# how to make games in c++



## mayoorite (Nov 16, 2011)

Hi! guys i am a beginner in c++ and want to make a game in c++(its a project for computer exhibition).So please help me in making simple games.And i also don`t know to create graphics in c++.

Please reply


----------



## webgenius (Nov 16, 2011)

Learn to use graphics libraries in C++


----------



## Vyom (Nov 16, 2011)

Knowledge of Graphics in C++, isn't necessary for you to built games in them.
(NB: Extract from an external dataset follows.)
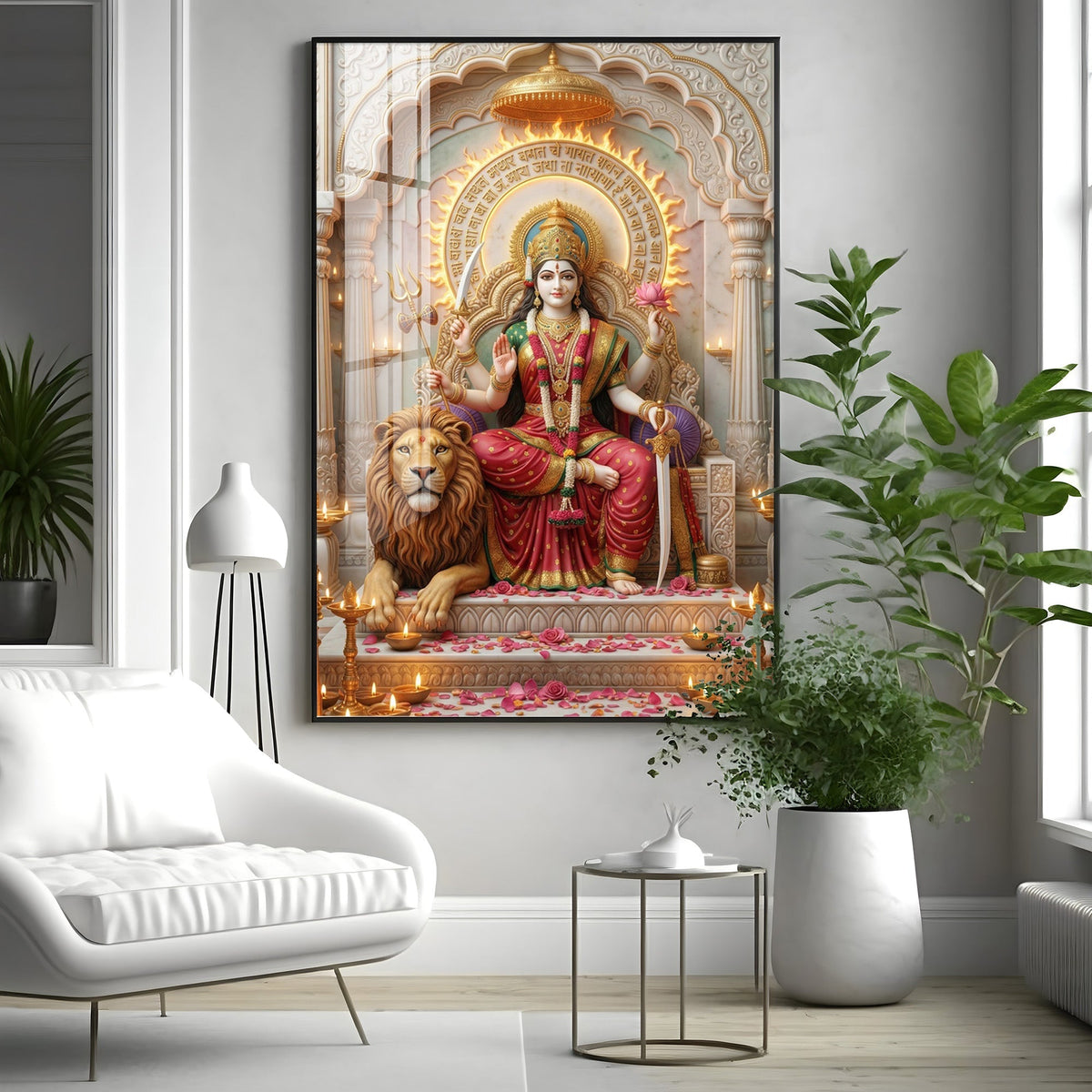 Maa Durga Premium Acrylic Vertical Wall Art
If you really mean, "simple", by the term, simple games, then you can start with non-graphic games, like Hangman (Word Guessing Game), Tic-Tac-Toe or similar puzzles.
Posssiblities are endless.


----------



## nims11 (Nov 16, 2011)

learn some Graphics library like openGL.

or
for simple games
C++ Game Programming


----------



## priyaranjan (Nov 27, 2011)

mayoorite said:


> Hi! guys i am a beginner in c++ and want to make a game in c++(its a project for computer exhibition).So please help me in making simple games.And i also don`t know to create graphics in c++.
> 
> Please reply



if u want to do game programing then u can learn some library like allegro . This library is open source u need to down load binaries of this library and configure it with your 
VISUAL C++  compiler and can start programing . just google "how to configure allegro with visual c++". And find some tutorial on allegro.  Have fun !


----------



## Neuron (Nov 27, 2011)

I'd recommend you to make a game using Dark GDK first.Then move on and learn advanced APIs if you want to take it as a career.


----------